En movimiento, el bigote es un instrumento para expresar lo que todo hombre piensa. En reposo, es algo más que un adorno. Señala el lugar de Hector en el mundo, establece el tipo de personaje que debe representar, y define quién es a ojos de los demás; pero sólo pertenece a un hombre, y como se trata de un bigotito absurdamente fino y grasiento, no puede caber duda alguna de quién es ese hombre. Es el caballero sudamericano, el
latin lover
, el pícaro de tez morena con sangre ardiente corriendo por sus venas. Añádase el pelo lacio y brillante peinado hacia atrás y el omnipresente traje blanco, y el resultado es una inequívoca mezcla de elegancia y dinamismo. Ésa es la clave de las imágenes. El sentido se comprende de una sola ojeada, y como una cosa va dando inevitablemente paso a otra en ese universo minado de bromas, donde las alcantarillas no tienen tapadera y los cigarros puros explotan, en cuanto se ve a un hombre vestido de blanco paseando por la calle ya se sabe que el traje le va a causar problemas.

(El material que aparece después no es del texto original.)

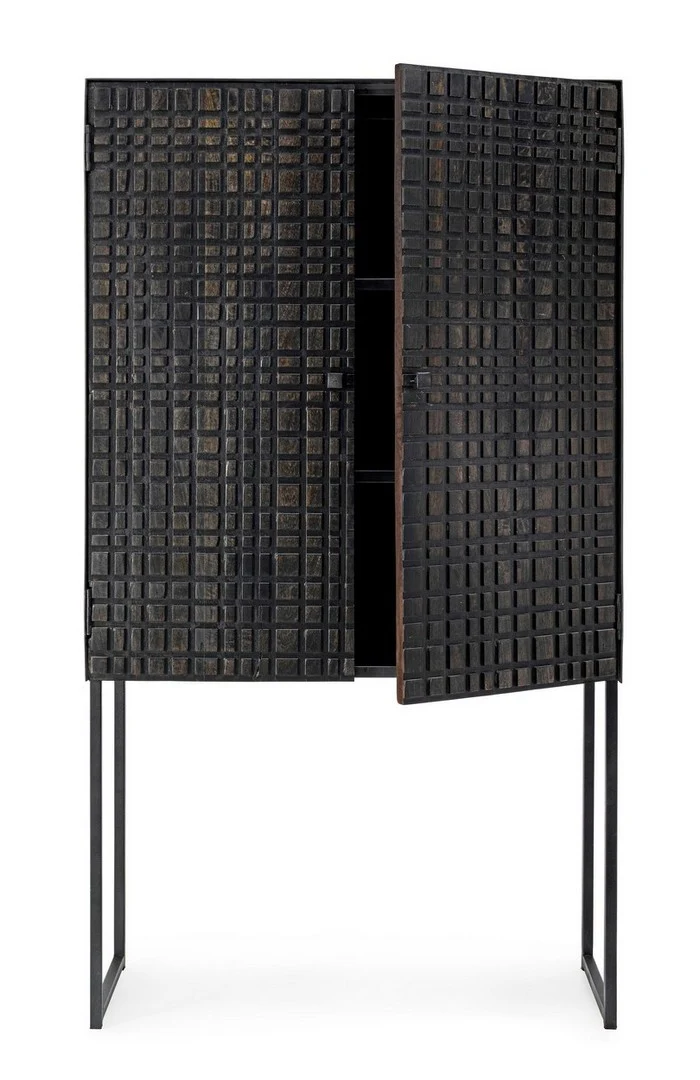 Credenza "Dorset" con struttura in acciaio, cassetti in legno, stile industriale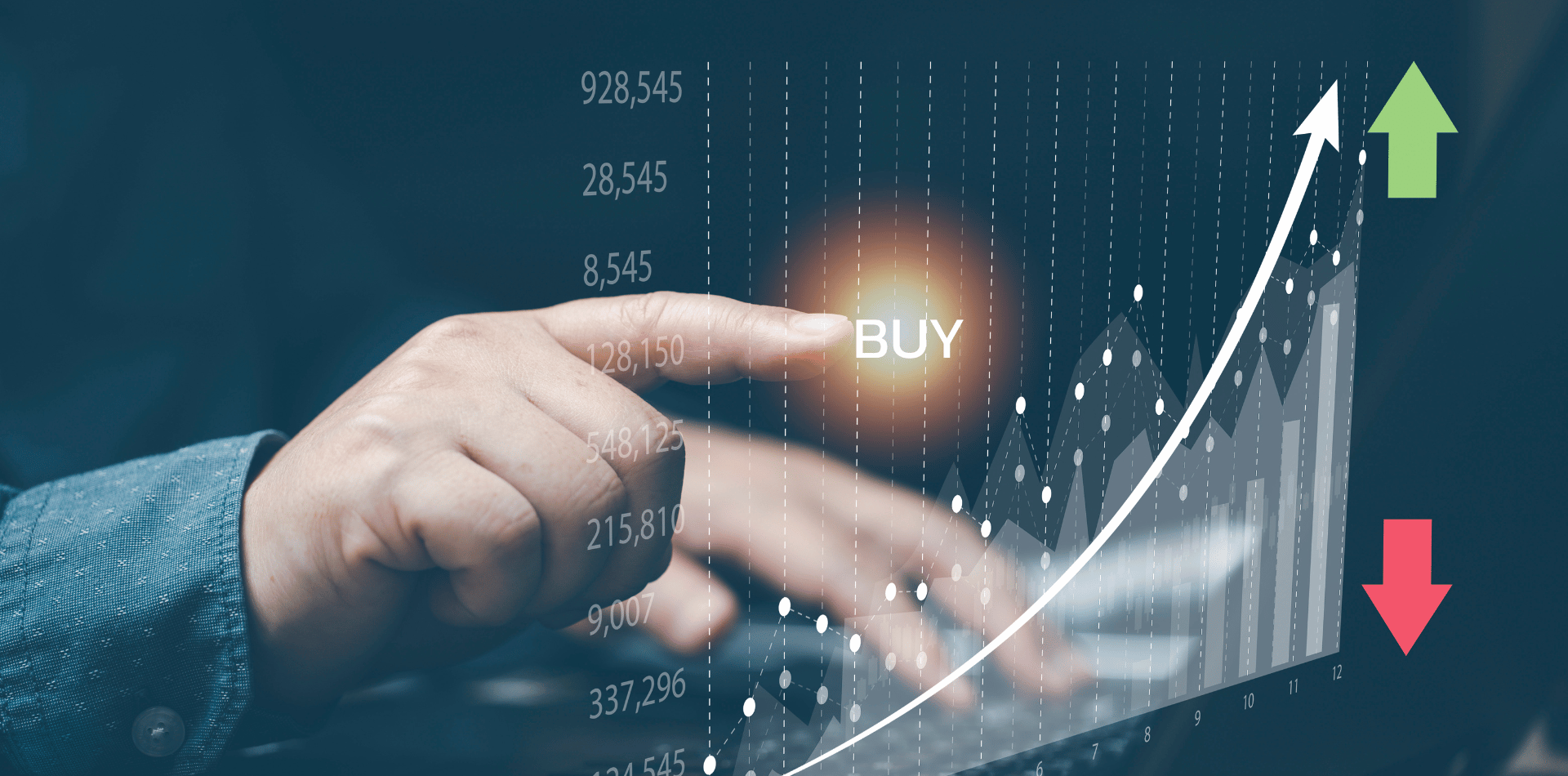 A Man trading stocks on a computers screen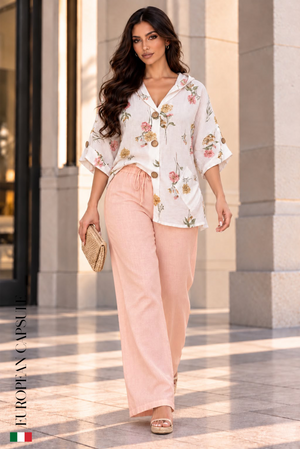 Italian Linen Vernazza Pants- Pink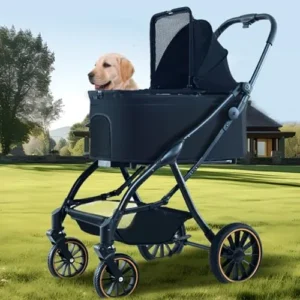 PJDDP 4 Wheels Dog Strollers, 3-in-1 Dog Cat Pet Strollers One-Hand Automatic Folding Rubber Wheel with Shock Absorbers Dog Stroller for Small Medium Dog Cat with Detachable Carrier,Red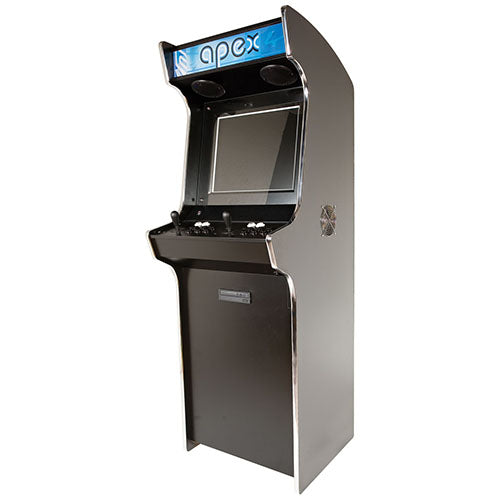 Apex Media arcade machine in black with front right profile
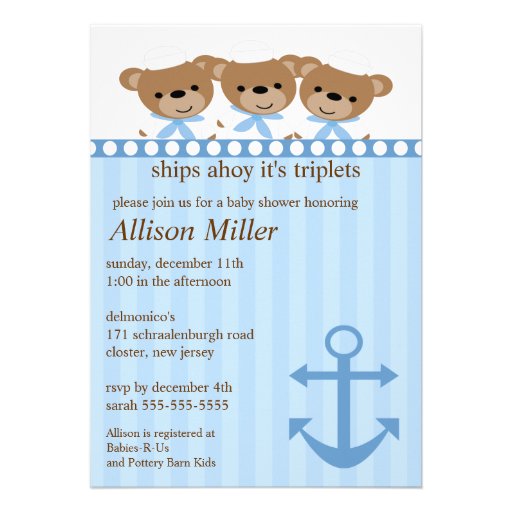 Ships Ahoy It's TRIPLET'S Baby Shower Custom Announcement (front side)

Después del bigote, el traje es el elemento más importante del repertorio de Hector. El bigote es el vínculo con su fuero interno, una metonimia de impulsos, cogitaciones y tormentas mentales. El traje encarna su relación con el mundo social, y con su brillo de bola de billar resaltando entre los grises y negros que lo rodean, atrae la mirada como un imán. Hector lleva ese traje en todas las películas, y en cada una de ellas hay al menos una situación prolongada que gira en torno a los peligros que entraña mantenerlo limpio. Barro y aceite de coche, melaza y salsa de espaguetis, hollín de la chimenea y charcos que salpican: en uno u otro momento, todo líquido negruzco, toda sustancia oscura amenaza con manchar la prístina dignidad del traje de Hector. Es la posesión de la que se siente más orgulloso, y lo lleva con ese aire atildado y cosmopolita del hombre que sale a la calle a impresionar al mundo. Se lo pone todas las mañanas, del mismo modo que un caballero andante se reviste de su armadura, preparándose para las batallas que la sociedad le tenga reservadas para ese día, y ni una sola vez se detiene a considerar que está logrando lo contrario de lo que pretende. No se está protegiendo de los posibles tropiezos, se está convirtiendo en un objetivo, en el centro de todos los contratiempos que puedan ocurrir en un radio de cien metros en torno a su persona. El traje blanco es una señal de la vulnerabilidad de Hector, y confiere cierto patetismo a las bromas que el mundo le gasta. Obstinado en su elegancia, aferrado a la convicción de que el traje lo transforma en el hombre más deseable y seductor, Hector eleva su propia vanidad a una causa con la que los espectadores pueden simpatizar. Hay que fijarse en cómo se quita motas de imaginario polvo de la chaqueta mientras llama al timbre de la casa de su novia en
Doble o nada
, para comprender que ya no se está viendo una demostración de amor propio: se contemplan los tormentos derivados de la timidez.